• _Data under study_:
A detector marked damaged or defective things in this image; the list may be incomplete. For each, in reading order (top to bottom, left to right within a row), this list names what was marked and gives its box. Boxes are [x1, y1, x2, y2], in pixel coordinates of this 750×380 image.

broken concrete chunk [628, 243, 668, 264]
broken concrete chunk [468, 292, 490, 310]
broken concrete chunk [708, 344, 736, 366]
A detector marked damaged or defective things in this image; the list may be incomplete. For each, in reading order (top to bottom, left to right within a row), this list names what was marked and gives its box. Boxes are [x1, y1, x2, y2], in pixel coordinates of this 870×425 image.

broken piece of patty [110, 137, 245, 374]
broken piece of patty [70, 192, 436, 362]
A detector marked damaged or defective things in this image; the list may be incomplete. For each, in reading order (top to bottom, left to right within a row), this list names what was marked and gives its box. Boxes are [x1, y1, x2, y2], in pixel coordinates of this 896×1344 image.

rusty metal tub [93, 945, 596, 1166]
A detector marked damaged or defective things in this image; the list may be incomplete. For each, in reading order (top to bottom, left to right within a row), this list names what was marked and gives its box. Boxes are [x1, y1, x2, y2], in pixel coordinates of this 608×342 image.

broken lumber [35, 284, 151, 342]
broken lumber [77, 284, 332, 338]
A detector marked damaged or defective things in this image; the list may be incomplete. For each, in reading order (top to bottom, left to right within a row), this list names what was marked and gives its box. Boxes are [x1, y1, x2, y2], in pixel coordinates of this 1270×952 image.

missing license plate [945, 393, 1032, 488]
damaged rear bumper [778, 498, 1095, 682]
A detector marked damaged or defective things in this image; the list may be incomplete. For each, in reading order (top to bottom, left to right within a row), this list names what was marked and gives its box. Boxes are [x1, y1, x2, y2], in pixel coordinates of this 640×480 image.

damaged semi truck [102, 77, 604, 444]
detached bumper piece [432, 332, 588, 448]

• _Directions for this task_: Give back, unchanged, every line from the one with "this 1270×952 image." to the end of the entries above.

• _Written response_:
A detector marked damaged or defective things in this image; the list may be incomplete. For each, in reading order (top to bottom, left to right within a row), this list names what was marked and gives its box. Boxes are [x1, y1, x2, y2], in pixel coordinates of this 1270×952 image.

missing license plate [945, 393, 1032, 488]
damaged rear bumper [778, 498, 1095, 682]
A detector marked damaged or defective things in this image; the list may be incomplete. For each, in reading order (top to bottom, left to right within a row), this list names what was marked and gives its box. Boxes are [x1, y1, x2, y2], in pixel coordinates of this 640×480 image.

damaged semi truck [102, 77, 604, 444]
detached bumper piece [432, 332, 588, 448]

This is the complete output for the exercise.